The Bear Story

digresssmlOriginally published January 3, 1997, in Comics Buyer’s Guide #1207

“Tell us about the bear.”

It’s the most-asked question I get at conventions. “Tell us about the bear,” they say, “the famous Babylon 5 bear.”

Joe Straczynski, B5 creator, goes around at conventions and tells folks near and far about the adventure regarding a certain plush bear which has thus far made appearances in two, count ’em, two science fiction series, with more possibly on the way.

Of course, Joe’s version of the events surrounding the bear aren’t quite exactly right. And so I, in the interest of public spiritedness and public service, will now tell the complete, unvarnished, and, frankly, slightly bizarre history of the B5 bear.

The time was two years ago, as we were approaching the holidays. Joe had purchased not one, but two scripts from me for the second season of B5: one called “Soul Mates,” which had already been filmed, and a second called “There All the Honor Lies,” which had not yet gone before the cameras.

As a token of appreciation befitting the holiday spirit, I sent Joe a bear from Vermont Teddy Bears that was dressed in a little baseball jacket that read “Babearlon 5” on the back and sported Joe’s initials on the front.

About two weeks later, I was talking to Joe on the phone (I don’t recall who called whom), and Joe said, in that famous overly formal manner he sometimes adopts, “I got your… package.”

“Ah, the bear,” I said chipperly. “Did you like him?”

A frozen moment. “I’m not into cute,” he said in a voice evocative of Lou Grant informing Mary Richards of his feelings on “spunk.”

My response was the natural one in such situations. I said, “Oh. Well, sorry. Didn’t know that. Do you want to send him back?”

“No. No. He’s staying here.” He paused. “I’m going to get you back.”

“You are? Why?”

“I’m going to get you back,” he repeated.

I found out what he meant when I got the final draft version of “There All the Honor Lies.”

Joe had done some rewrites on the script, which was, naturally, his prerogative. And I cannot stress enough that I have no problem with that. B5 is Joe’s vision.

When you write a script for someone else’s show, it’s a given that he’s going to make changes to keep consistent with that vision.

Certainly, it’s a situation I encountered as co-creator of Space Cases. Virtually every script on Space Cases required rewrites, so why should my work for someone else’s program be any different?

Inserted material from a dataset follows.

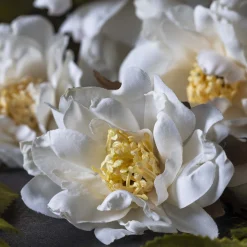 Artificial Cream Rose Spray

But this was a little different.

One of the storylines in “Honor” involved the establishment of a souvenir shop on space station Babylon 5, hawking all manner of B5 merchandise. It was basically a riff on how Star Trek has become regarded as the money-making “franchise” of Paramount. I even had the character Ivanova protest, “We’re not some—some deep space franchise!”

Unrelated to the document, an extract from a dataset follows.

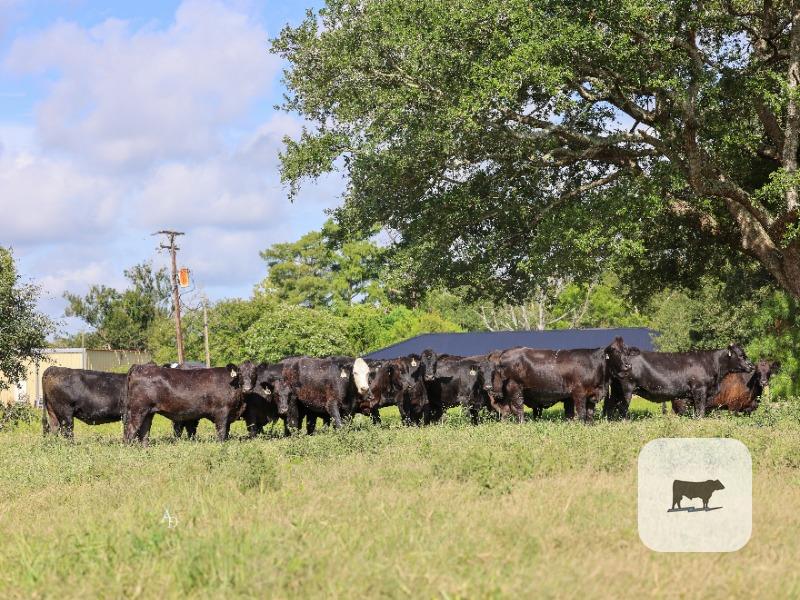 Cattle Range Listing Photo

I had originally wrapped up the souvenir shop story by having trouble resulting from a toy weapon which was thought to be a real one—and Ivanova then working with a lawyer character I’d introduced to have the shop shut down through legal means (since it presented a hazard to station security).

But in the rewritten version, Captain John Sheridan learned that little bears with his initials (not coincidentally the same as Joe Straczynski—or, for that matter, Jeffrey Sinclair, Sheridan’s predecessor) were being sold in the shop. Considering it an insult to his dignity, he ordered the entire shop shut down and off his station. And the next time we saw the offending bear, it was ricocheting off the windshield of a Starfury fighter ship, having been hurled into the vacuum of space by the annoyed Sheridan.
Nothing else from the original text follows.